Exercise: Starting at the line with "Portable Power Station", set down each line of the entries below through the last one, exactly as it stands.

Records provided:
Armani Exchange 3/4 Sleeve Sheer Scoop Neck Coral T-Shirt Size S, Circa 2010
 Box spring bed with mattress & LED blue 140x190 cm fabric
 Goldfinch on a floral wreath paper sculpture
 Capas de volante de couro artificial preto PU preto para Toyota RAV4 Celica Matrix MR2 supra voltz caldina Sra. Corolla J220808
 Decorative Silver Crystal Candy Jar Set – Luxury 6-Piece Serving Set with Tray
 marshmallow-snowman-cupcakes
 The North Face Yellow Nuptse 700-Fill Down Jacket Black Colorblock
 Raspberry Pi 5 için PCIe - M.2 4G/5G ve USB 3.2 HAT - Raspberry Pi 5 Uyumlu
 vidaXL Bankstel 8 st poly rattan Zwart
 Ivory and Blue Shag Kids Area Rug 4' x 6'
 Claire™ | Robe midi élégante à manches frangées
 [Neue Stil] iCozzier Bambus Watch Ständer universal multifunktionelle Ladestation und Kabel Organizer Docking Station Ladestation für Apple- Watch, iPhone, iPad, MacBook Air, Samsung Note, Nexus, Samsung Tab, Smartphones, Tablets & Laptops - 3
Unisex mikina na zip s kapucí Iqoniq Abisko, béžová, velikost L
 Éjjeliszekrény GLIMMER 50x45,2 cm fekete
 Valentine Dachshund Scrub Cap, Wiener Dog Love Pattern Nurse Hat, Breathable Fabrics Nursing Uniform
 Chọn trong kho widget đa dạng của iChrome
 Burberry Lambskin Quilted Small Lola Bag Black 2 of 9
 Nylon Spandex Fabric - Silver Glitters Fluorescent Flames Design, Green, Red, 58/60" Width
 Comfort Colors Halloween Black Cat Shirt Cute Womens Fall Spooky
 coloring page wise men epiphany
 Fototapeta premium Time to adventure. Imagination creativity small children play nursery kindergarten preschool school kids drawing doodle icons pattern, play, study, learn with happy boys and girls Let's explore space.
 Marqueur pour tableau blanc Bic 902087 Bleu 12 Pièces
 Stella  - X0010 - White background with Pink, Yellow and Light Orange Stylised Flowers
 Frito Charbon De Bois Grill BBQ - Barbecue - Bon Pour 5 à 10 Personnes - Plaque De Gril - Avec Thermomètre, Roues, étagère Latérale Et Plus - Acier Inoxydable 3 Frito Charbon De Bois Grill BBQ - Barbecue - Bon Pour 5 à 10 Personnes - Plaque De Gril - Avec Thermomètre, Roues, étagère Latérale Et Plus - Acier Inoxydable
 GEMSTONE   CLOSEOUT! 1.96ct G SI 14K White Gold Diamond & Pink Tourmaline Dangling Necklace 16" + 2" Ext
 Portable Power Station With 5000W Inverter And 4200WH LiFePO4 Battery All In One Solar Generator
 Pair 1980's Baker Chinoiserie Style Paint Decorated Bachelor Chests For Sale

The answer:
 Portable Power Station With 5000W Inverter And 4200WH LiFePO4 Battery All In One Solar Generator
 Pair 1980's Baker Chinoiserie Style Paint Decorated Bachelor Chests For Sale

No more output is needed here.